Until the line containing "Tree Lined Cruso" has been reproduced, keep reproducing each line of the material below exactly, starting with the first.

+--

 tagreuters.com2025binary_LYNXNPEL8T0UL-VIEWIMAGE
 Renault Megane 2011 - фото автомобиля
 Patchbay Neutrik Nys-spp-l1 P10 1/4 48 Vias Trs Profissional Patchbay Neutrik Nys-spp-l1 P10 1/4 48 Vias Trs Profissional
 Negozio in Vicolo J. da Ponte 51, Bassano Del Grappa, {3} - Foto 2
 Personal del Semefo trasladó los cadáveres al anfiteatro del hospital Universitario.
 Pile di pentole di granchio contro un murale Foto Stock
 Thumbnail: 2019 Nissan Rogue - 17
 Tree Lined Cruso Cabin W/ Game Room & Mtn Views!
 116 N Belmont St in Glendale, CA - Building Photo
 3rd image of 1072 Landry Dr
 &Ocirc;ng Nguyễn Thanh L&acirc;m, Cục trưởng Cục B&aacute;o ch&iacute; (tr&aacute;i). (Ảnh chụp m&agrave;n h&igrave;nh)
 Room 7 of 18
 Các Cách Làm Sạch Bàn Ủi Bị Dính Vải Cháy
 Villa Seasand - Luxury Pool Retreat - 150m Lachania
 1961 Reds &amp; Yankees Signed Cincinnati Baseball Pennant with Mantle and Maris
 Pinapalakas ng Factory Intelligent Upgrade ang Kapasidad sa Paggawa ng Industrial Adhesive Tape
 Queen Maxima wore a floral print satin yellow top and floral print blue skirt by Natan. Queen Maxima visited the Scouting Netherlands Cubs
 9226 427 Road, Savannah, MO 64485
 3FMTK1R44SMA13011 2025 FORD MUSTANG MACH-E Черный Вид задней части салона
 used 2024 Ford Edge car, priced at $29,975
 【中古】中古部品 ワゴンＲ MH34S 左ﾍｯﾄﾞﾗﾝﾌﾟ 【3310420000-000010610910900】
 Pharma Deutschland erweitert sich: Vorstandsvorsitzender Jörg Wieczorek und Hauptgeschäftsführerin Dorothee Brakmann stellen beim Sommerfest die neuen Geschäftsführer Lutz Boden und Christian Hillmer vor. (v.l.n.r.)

+--

* Task output *
 tagreuters.com2025binary_LYNXNPEL8T0UL-VIEWIMAGE
 Renault Megane 2011 - фото автомобиля
 Patchbay Neutrik Nys-spp-l1 P10 1/4 48 Vias Trs Profissional Patchbay Neutrik Nys-spp-l1 P10 1/4 48 Vias Trs Profissional
 Negozio in Vicolo J. da Ponte 51, Bassano Del Grappa, {3} - Foto 2
 Personal del Semefo trasladó los cadáveres al anfiteatro del hospital Universitario.
 Pile di pentole di granchio contro un murale Foto Stock
 Thumbnail: 2019 Nissan Rogue - 17
 Tree Lined Cruso Cabin W/ Game Room & Mtn Views!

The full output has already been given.